5 Popular Twitter Habits That Make You Look Like a Spammer

Twitter is an amazing networking tool, and an impressive source of traffic if used correctly. There are hundreds of ways to build your influence on Twitter, find new friends and business contacts, and contribute positively to the social world.

It’s also incredibly easy to look like a spammer.

I’ve compiled a list here of all of the “conventional wisdom” that “social media gurus” and “marketing experts” have offered that drench your Twitter account in the stink of spam.

Direct Message Autoresponders

If I follow you, it’s not because I’m hoping you’ll send me your free eBook. The generic “Hey, thanks for following!” DM is a good idea, but it completely loses its authenticity when it’s automated.

Automation is the first sign that you’re doing social media wrong, and direct message autoresponders are the premier offenders. If you must send a new follower a direct message, do so after a short period of time, and personalize it to the follower. Remember, social media is about being a person, not a marketing machine.

Auto Follow-Back

I know you want more followers. We all do. But blindly following everyone that follows you isn’t the way to get good ones. It seems like every other social media tool allows you to auto-follow everyone that follows you, but this does little more than open you up to phishing scams, spam followers, and an unmanageable Twitter feed.

If I’m looking for some new SEO tweeps to follow and your follower to following ratio is 1:1 or close to it, I’m probably not going to follow you.

Hashtag Abuse

There are legitimate uses for hashtags, but adding multiple generic tags to the end of your tweet is not one of them.

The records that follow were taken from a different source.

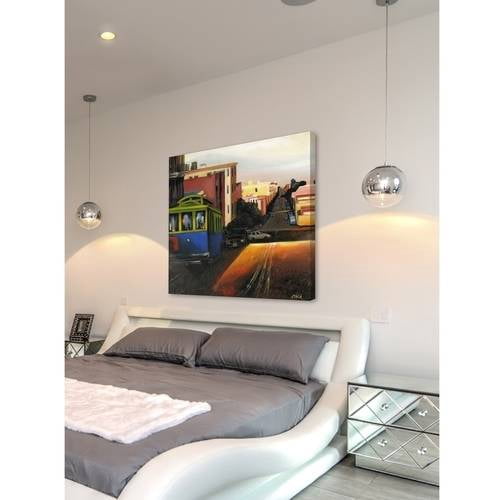 "Twilight in the City" Painting Print on Wrapped Canvas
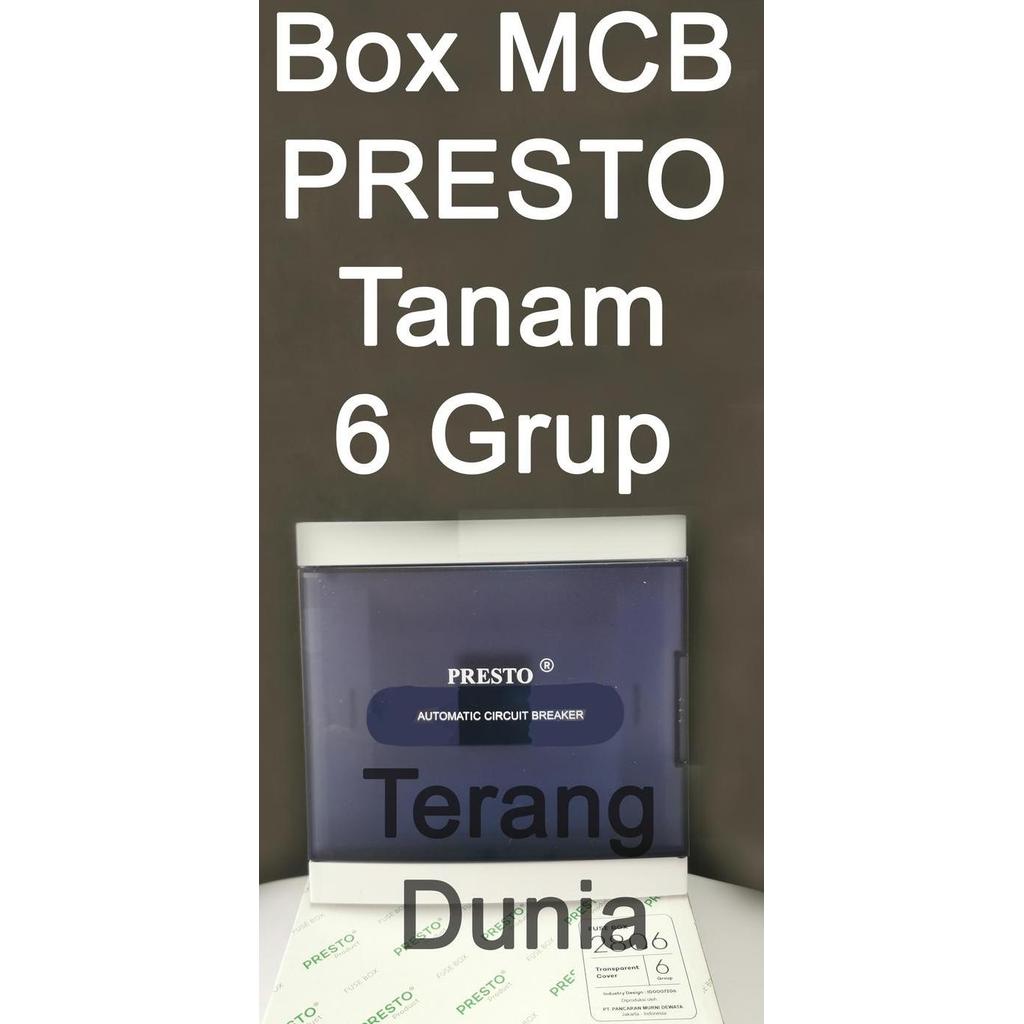Diskon Presto Box Mcb 6 Grup Box Mcb 6Grup Presto Inbow Box Mcb Presto 6 Grup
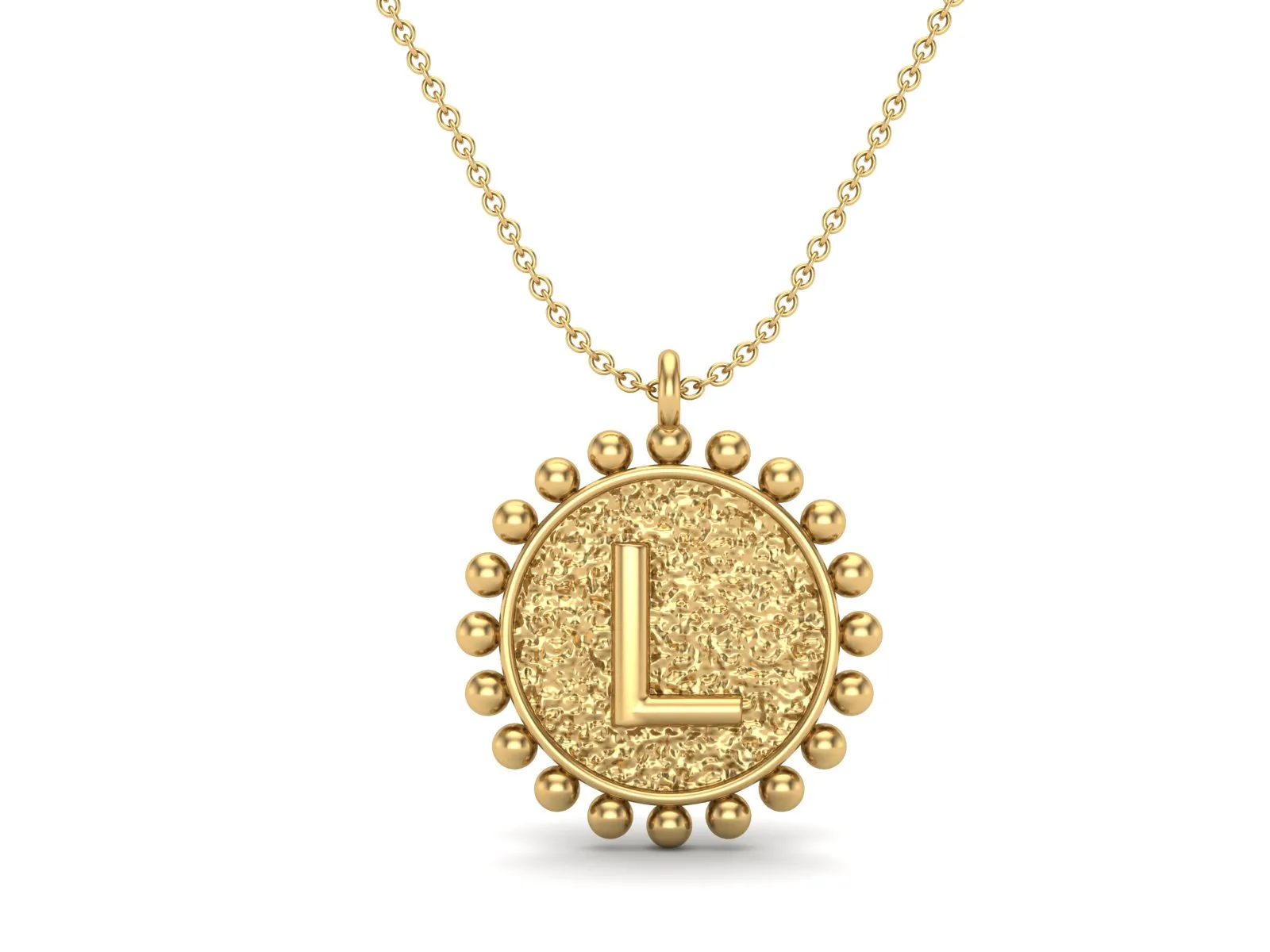 Initial A to Z Personalized Necklace Sterling Silver In Yellow Gold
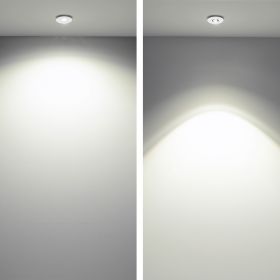 TET Flacher Aufbau-Spot dimmbar Abstrahlwinkel der Leuchte mit oder ohne Linse.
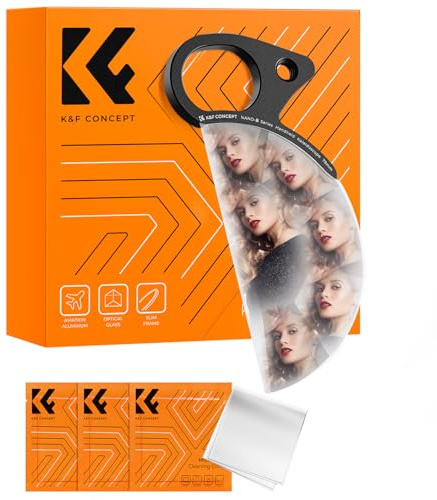 K&F CONCEPT 79mm Handheld Halbkreis Kaleidoscope Filter | Halbkreisprisma,Spezielle Effektfilter aus optischem Glas für für Handys und Kameras, Nano-Basic, FE111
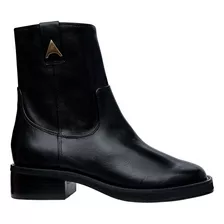 Bota Feminina Carrano Couro Cano Baixo Preta - 729002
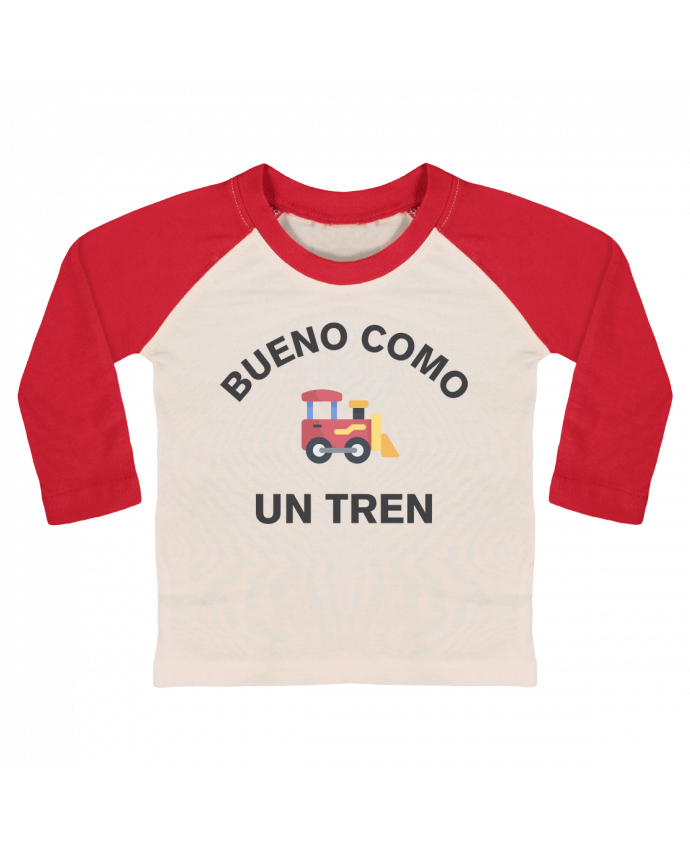Camiseta Bebé Béisbol Manga Larga Bueno como un tren por tunetoo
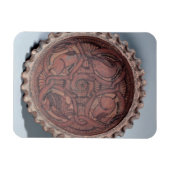 Koptische Tasse, bemalte Terrakotta mit Streifen, Magnet (Horizontal)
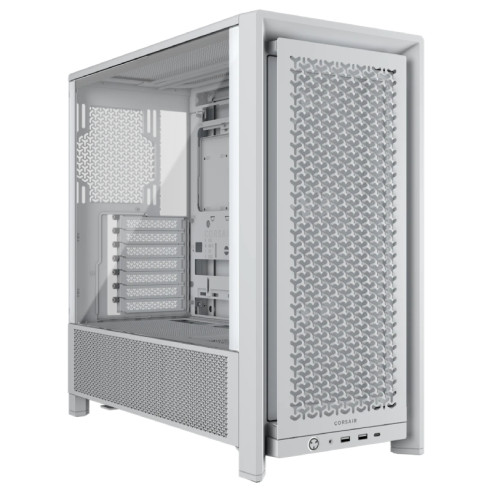 GABINETE CORSAIR 4000D RS MID-TOWER WHITE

Hashtags are a way of organizing tweets around a single topic. The best example of this is a chat, like #seochat, #socialchat, #smochat and so on. These are coordinated, curated chats that happen on a predictable basis. Hashtags make it easy to converse and keep track of all the contributions to the chat.

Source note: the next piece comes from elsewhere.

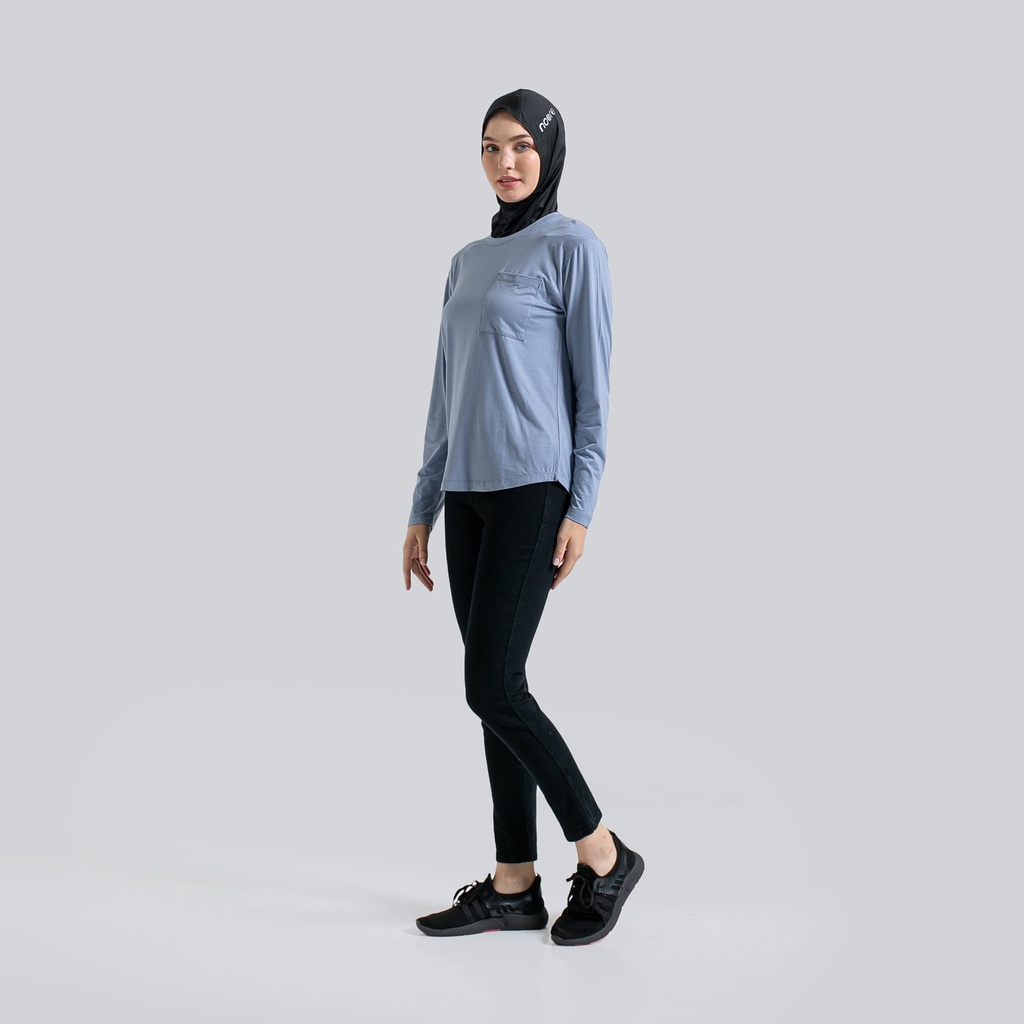 NOORE - Essentials - Zola Top - Light Grey - Pakaian Olahraga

On the flipside, you’ve got tweets that look like this:

GREAT READ! >>> bit.ly/)N*(Y^@78 #seo #social #searchengineoptimization #laseo #nyseo #search

If your tweets look like this, I’m unfollowing you. I can guarantee that nobody in those industries are actively monitoring those hashtags. At best, you get more follower-hungry tweeps that follow you just so you’ll follow back. At worst, you lose legitimate followers

Tweeting Inspirational Quotes

If your feed is purely composed of “inspirational” quotes, I’m unfollowing you.

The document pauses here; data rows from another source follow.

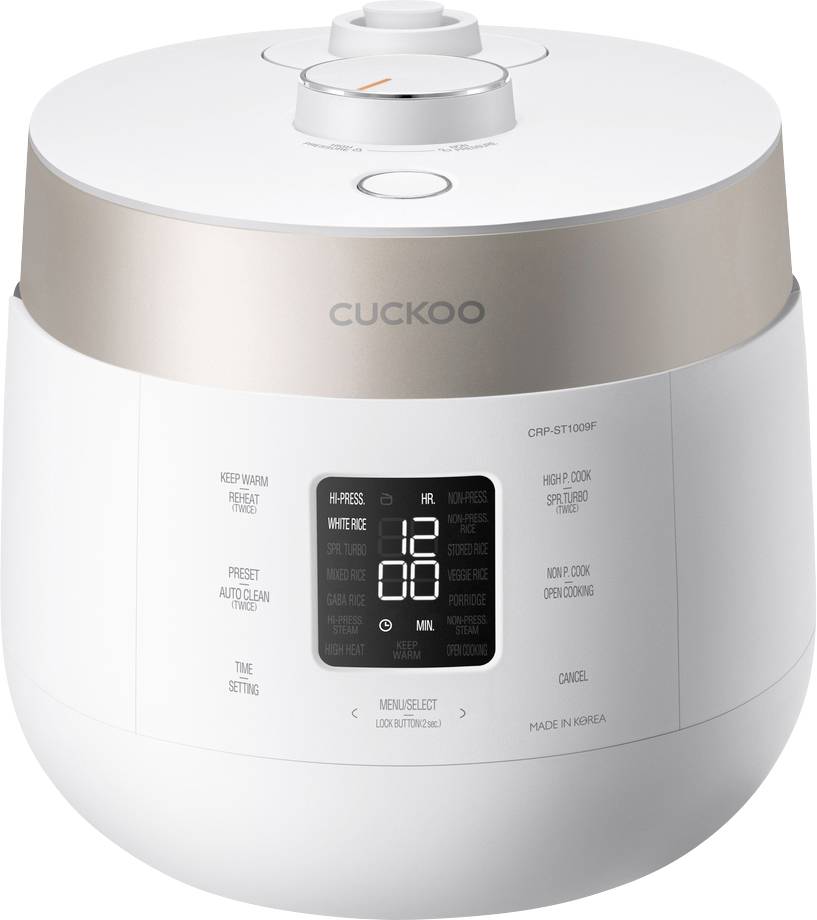 Cuckoo CRP-ST1009F Cuoci riso Grigio Rivestimento antiaderente, Display LCD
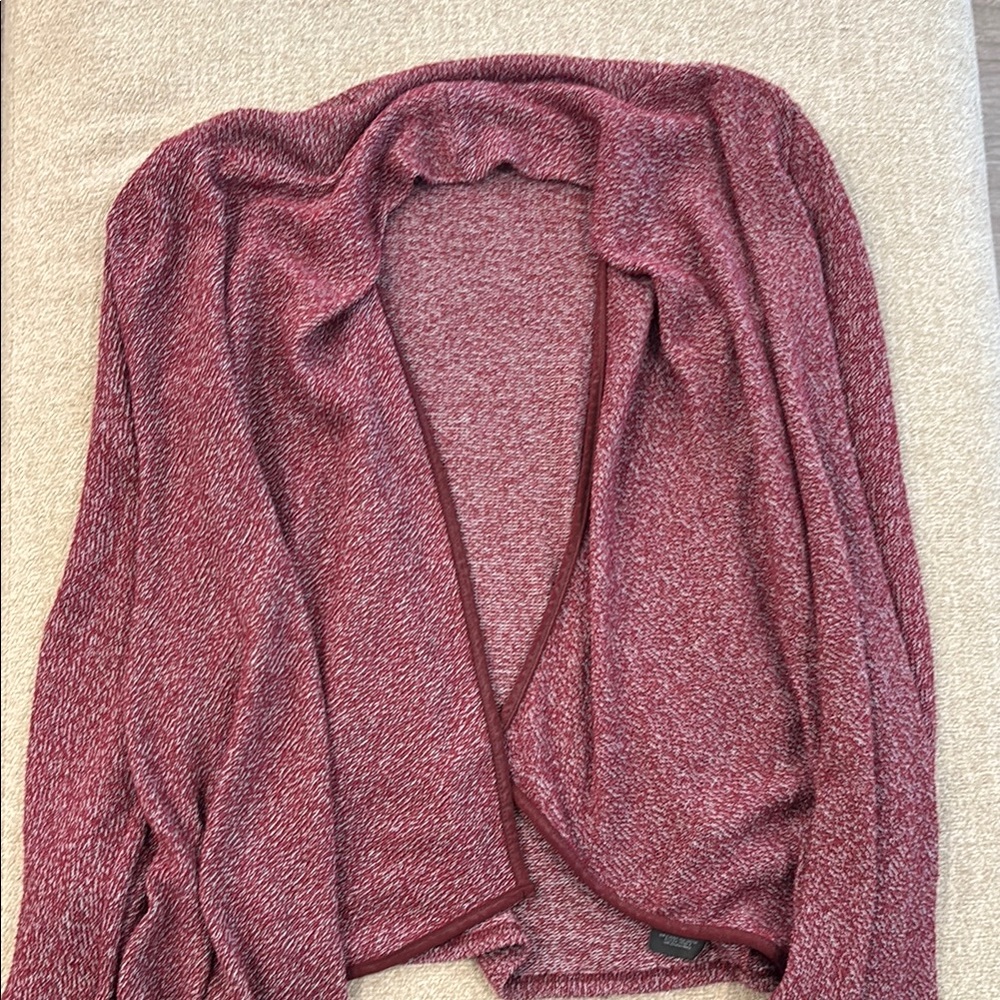 2B Bebe Red Open-Front Cardigan Sweater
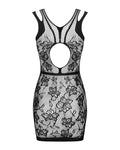 Obsessive Jurk met mesh en ruguitsnede - Zwart
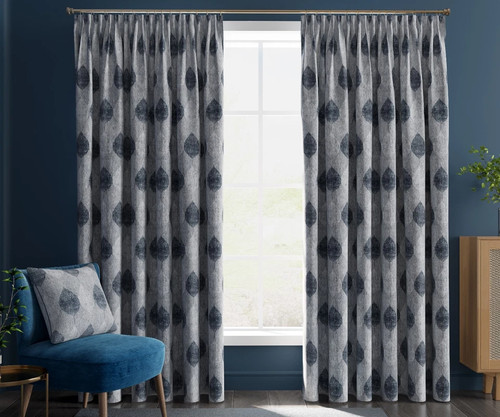 Luxury jacquard curtain pair - luxury,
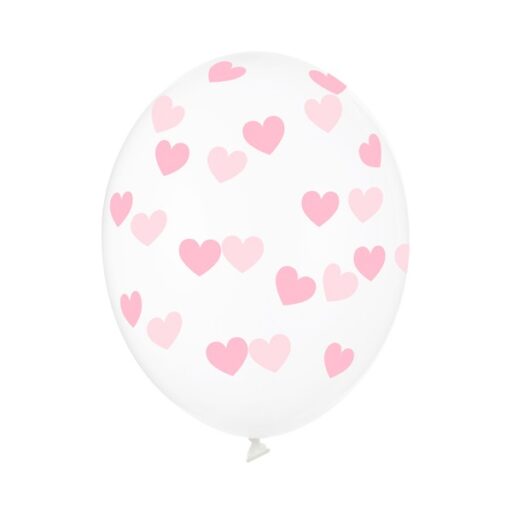 Providni balon sa rozim srcima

Inspirational quotes are stomachable in moderation, but if that’s all your feed is, you look like a spammer. This is a common feature for “filler” tweets, especially in social media posting services (a la Buffer), which has undoubtedly contributed to the quotespam proliferation. Again, a sin of automation.

Bulk Tweets

If you drop a 10-tweet bomb on me, it doesn’t increase the likelihood that I’ll notice you and click one of your links. It increases the likelihood that I completely ignore your tweets or unfollow you.

I don’t even know where this comes from. I can understand an unusually high concentration of tweets in the morning when you’re reading your bloglist, but 5+ tweets at exactly the same time? Someone enlighten me, because this is one of the most irritating Twitter habits I’ve ever seen.

If you are committing any of these heinous sins, fear not; the time for repentance is not past. Are there any other popular habits you can think of that make people look like spammers? Talk to me in the comments.